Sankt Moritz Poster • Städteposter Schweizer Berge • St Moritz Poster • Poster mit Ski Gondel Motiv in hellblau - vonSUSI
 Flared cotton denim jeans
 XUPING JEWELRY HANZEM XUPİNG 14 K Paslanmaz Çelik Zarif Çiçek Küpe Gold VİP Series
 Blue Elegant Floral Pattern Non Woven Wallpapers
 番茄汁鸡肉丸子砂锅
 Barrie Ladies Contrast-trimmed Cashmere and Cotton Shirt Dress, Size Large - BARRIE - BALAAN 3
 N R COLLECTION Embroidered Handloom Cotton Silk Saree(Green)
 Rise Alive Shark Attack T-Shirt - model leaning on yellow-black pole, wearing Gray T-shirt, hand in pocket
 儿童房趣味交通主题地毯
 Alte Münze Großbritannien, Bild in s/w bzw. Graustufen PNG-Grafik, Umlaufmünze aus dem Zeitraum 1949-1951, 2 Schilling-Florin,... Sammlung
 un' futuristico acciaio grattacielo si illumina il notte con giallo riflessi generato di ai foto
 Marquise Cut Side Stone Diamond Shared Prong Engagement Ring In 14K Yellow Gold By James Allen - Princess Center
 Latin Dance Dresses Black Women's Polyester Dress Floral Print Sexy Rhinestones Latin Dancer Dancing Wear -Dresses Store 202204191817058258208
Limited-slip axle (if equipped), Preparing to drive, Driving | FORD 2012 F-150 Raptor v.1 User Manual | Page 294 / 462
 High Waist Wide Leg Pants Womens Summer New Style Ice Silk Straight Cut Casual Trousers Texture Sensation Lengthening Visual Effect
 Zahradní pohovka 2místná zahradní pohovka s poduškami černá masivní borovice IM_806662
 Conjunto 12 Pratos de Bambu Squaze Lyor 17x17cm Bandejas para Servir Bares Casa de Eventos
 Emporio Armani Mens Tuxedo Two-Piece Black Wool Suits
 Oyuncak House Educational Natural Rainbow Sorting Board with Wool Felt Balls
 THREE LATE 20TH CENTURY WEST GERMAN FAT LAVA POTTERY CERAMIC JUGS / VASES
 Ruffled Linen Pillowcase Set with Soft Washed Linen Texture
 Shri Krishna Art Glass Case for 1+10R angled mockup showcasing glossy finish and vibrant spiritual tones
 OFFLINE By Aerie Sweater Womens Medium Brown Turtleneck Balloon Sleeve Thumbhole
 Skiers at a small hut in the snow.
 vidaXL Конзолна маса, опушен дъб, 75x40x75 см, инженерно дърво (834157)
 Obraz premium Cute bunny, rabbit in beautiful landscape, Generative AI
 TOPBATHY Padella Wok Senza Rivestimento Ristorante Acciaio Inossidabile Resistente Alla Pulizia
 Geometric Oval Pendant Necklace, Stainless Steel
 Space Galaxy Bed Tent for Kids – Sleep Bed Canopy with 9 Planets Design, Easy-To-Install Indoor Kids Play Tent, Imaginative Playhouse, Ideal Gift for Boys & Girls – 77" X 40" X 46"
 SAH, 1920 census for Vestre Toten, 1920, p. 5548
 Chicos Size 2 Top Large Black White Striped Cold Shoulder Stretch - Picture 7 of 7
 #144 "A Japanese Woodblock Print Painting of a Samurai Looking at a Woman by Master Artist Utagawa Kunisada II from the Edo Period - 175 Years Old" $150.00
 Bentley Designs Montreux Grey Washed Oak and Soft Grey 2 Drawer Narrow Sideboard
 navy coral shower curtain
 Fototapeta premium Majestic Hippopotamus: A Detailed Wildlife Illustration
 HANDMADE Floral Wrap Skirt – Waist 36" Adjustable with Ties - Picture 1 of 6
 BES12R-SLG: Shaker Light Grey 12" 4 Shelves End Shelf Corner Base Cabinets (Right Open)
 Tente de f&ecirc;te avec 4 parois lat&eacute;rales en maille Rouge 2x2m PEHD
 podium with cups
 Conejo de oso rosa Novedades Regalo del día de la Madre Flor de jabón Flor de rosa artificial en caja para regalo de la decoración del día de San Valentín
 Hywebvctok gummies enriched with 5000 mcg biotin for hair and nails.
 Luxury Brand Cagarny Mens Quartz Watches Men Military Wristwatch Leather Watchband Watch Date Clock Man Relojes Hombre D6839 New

= = = = =

WHAT TO DO ▸ Send back exactly the lines of the listing above starting at the one with "OFFLINE By Aerie" and ending at the one with "Geometric Oval Pendant", inclusive, and no others.

SOLVED EXERCISE ▸
 OFFLINE By Aerie Sweater Womens Medium Brown Turtleneck Balloon Sleeve Thumbhole
 Skiers at a small hut in the snow.
 vidaXL Конзолна маса, опушен дъб, 75x40x75 см, инженерно дърво (834157)
 Obraz premium Cute bunny, rabbit in beautiful landscape, Generative AI
 TOPBATHY Padella Wok Senza Rivestimento Ristorante Acciaio Inossidabile Resistente Alla Pulizia
 Geometric Oval Pendant Necklace, Stainless Steel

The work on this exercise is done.